Et ton passé de rappeur... Comment tu es venu au rap ?

Je suis venu au rap en tant qu'auditeur, via le rap français d'abord, avec Solaar par exemple, puis j’ai suivi jusqu'au rap ricain et ayant la volonté d'en savoir un maximum, je me suis forgé une culture en m'intéressant aux débuts de cette musique, j’ai remonté le temps pour avoir une vision complète ou presque. Je kiffais les sonorités, les gros beats, le travail du texte, c'était nouveau et hyper excitant. Et puis au fur à mesure je m'identifiais aux mecs, ce qu'ils me racontaient me parlait et/ou me faisait fantasmer. Par ailleurs j'ai toujours aimé écrire, j'ai toujours aimé les mots, la lecture et sentant le besoin de créer à mon tour je me suis mis au rap car c'était le truc qui me passionnait. De là, rencontre avec les potes du Bhale Bacce Crew, parenthèse avec le rappeur Soa le temps d’un maxi, puis les projets avec Cosmar et puis l’aventure en solo, le tout étalé sur un peu plus de 10 ans…avec beaucoup de métamorphoses !

Il y a un type, dans un type dans un de tes clips, avec un shirt "le rap c'etait mieux avant" , il prend une sacrée rouste...

Il représente les mecs de 20 piges qui sont nostalgiques d'une époque qu'ils n'ont pas connue. Ceux aussi qui pensent que le rap n'aurait jamais dû évoluer mais aurait dû rester bloqué au milieu des années 90, Surtout, ceux qui disent "le rap c'est (ça doit être) ça". Non. Le rap c'est plein de trucs. J'ai du mal avec la rigidité de ces considérations. Sûrement parce que je n'aurai pas les clics de ces mecs là ahahah.

Le rap c’est un feeling.
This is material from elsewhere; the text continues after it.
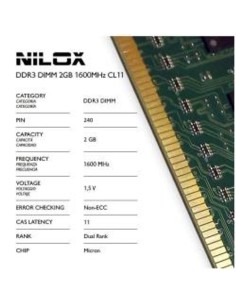 RAM DDR3 DIMM 2GB 1600MHZ CL11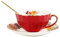 fanquare 3 Piezas Taza de Té Roja Vintage con Platillo, Taza de Té Floral con Cuchara, Taza de Café de Porcelana para Latte, Cappuccino, 200ml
Moi quand j’entends un rappeur je le juge sur plusieurs critères. Instru, attitude, discours, flow, technique. Et puis après je mets ça en perspective avec ce que j’ai déjà entendu. Et à partir de là seulement je me dis « ok c’est cool, y a un truc » ou au contraire « ça sert à rien, c’est creux et/ou c’est déjà entendu », mais je n’ai pas de préjugés à la base. 

A qui est-ce que tu penses "emprunter" le plus parmi ta collection de references ?

Dure question. J'ai plein de références liées au rap, à la littérature, au cinéma etc. Je ne vais pas faire de liste mais disons que je bouffe des trucs, je les digère et ça ressort d'une manière ou d'une autre dans mes raps. C'est des détails parfois. Des intentions, des citations. Pour l'EP forcément le Big Lebowski est présent, c'est le concept. Mais un morceau comme "(exit to) San Fernando", dont contre toute attente on me dit du bien, c'est un mélange de narration à la Gainsbourg (pour le côté parlé, quelques jeux de mots etc) et de récit à la Bret Easton Ellis (pour le côté porno-drogue-los-angeles).


Combien de temps il te faut pour "pondre" un titre...Comment ça se passe d'ailleurs (la musique, tu l'ajoutes après les textes ou c'est l'inverse) ?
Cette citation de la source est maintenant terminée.